TASK ITEM: Transcribed word for word, the lines below from the one with "un salon avec" through the last line of the records form the answer; no picture is to be included.

STORED DATA:
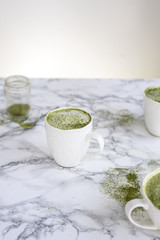 Green Matcha Latte on Marble Table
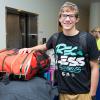 Hopeful tennis team member Joseph H. Griep, an information technology sciences: gaming and simulation freshman from Le Roy, New York, moves his gear into Dauphin Hall.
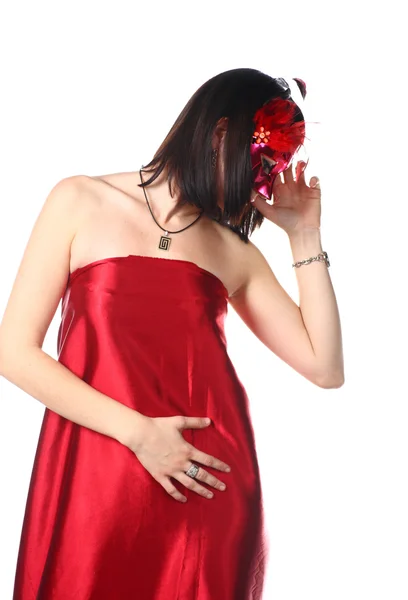 Kobieta ubrana w czerwony strój i maskę — Zdjęcie stockowe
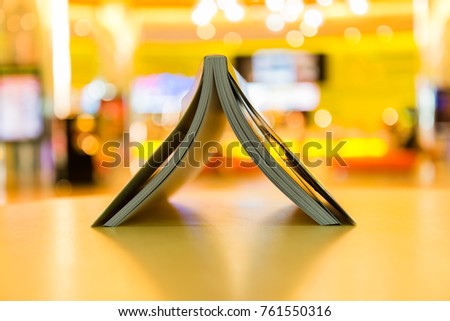 Upside down opened book on blurred warm background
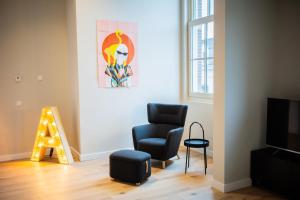 un salon avec une chaise et un tableau mural dans l'établissement Ample 3 Bedroom Apartment, à Rotterdam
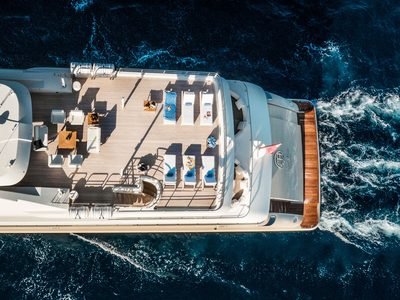 Aerial overhead of sun deck loungers, aft decks and teak transom underway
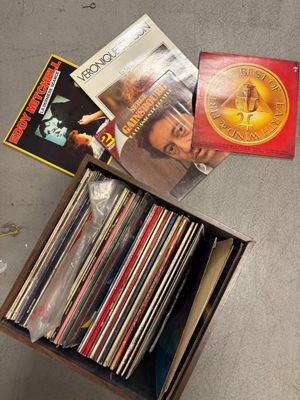 une boîte remplie de disques vinyles posée par terre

ANSWER:
 un salon avec une chaise et un tableau mural dans l'établissement Ample 3 Bedroom Apartment, à Rotterdam
 Aerial overhead of sun deck loungers, aft decks and teak transom underway
 une boîte remplie de disques vinyles posée par terre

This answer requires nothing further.